A half-dozen complaints is not a big number. Sometimes there can be 1,000 or more e-mails in my in-box. Frequently these days, they are the result of campaigns inspired by media watchers.
But what I have more often found is that the truly vexing problems, the lingering ones that are hard to assess with any sense of confidence, the ones that illuminate the gap between what reporters and editors think they are doing and how portions of the public perceive those efforts, frequently are laid out by one or a handful of readers who bring something personal to their commentary. This is one of those issues. It has been raised before from time to time. But the juxtaposition of these two stories in the same paper provided a particularly obvious illustration.
From the newsroom, things look different. Robert McCartney, Metro's top editor, and two of the news editors who worked on these stories offered these points.
"The Mount Pleasant shooting merited bigger play because it was unusual in two major respects -- it was the first homicide in the neighborhood in two years, and it appears to have been a random killing of a passerby. The community is very upset about it. Race had nothing to do with this decision. In fact, the reporters and editors who decided to play the initial Mount Pleasant story on the Metro front did not know the victim was white." Last month, when a 46-year-old grandmother, who was black, was killed by a stray bullet, that story was on the Metro front page of Aug. 19, he said.
"Every homicide in the region is a tragedy, and we'd like to devote lots of coverage to every one.

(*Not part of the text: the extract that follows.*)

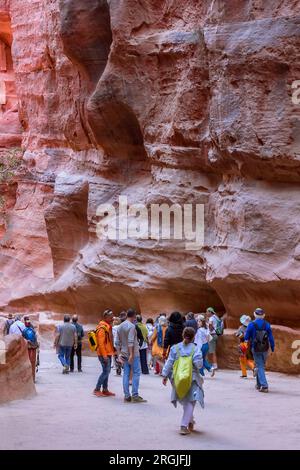 Petra, Giordania - 3 novembre 2022: Gente turisti che camminano lungo le mura di Siq al Tesoro, al Khazneh, una delle nuove sette meraviglie del mondo Foto Stock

Resources are finite, however, and we have to make tough decisions based on journalistic judgments. We did so in this case. While it was not a factor at all in this specific decision, it's also true that when we give a lot of play to homicides and other crimes in certain jurisdictions, such as the District or Prince George's County, we often get a lot of criticism for focusing too much on crime," McCartney said.
In the Lanham case from Southeast, a desk editor said: "Police told us about the slaying Sunday night, nearly 20 hours after it happened, and we got all the information they would give us, which wasn't much. Rather than including the sparse details in the story about Shipe's slaying, we felt that Lanham's death would get more attention with a headline of its own, albeit in the briefs column. We ran all our usual checks and decided to treat Lanham's slaying as we do others that do not appear to have extenuating circumstances. In the Shipe slaying, we were also aided in our early reporting by [Jim] Graham, who called to let us know."

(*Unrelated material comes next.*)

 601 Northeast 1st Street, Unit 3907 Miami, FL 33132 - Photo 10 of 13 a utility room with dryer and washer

Another editor said, "The Mount Pleasant shooting was a natural whodunit crime story" and a mystery that would be of broad interest. "In the other case, had the victim been a juvenile, we would have pursued this apparently drug-related slaying more aggressively. We've been going into neighborhoods and writing stories about virtually every homicide victim 17 or under. But the city has had 138 homicides this year, and we do not write full-blown stories on each of them."
I side with The Post on this episode. As a reader, it seems to me that from what was known Sunday night, the Mount Pleasant shooting was the right decision for Metro's front page. And Metro has put many other crime-victim stories involving non-whites on its front page. But it is also true that a review of the clips shows that a vast number of murders in Southeast and other predominantly black areas wind up in the briefs or crime columns. It is probably true that some, or many, of these merited more coverage. A brilliant piece by Post writer Kevin Merida in August explored the complexity of one such murder.
Today, not many, if any, reporters and editors live in such areas. Not many newspapers, including The Post, have the levels of diversity that really put a paper in better touch with all its readers, and with sources in these communities who can be reached on deadline. The complaints of a half-dozen readers may be explained in this case. But they are a warning of a powerful disconnect that needs attention.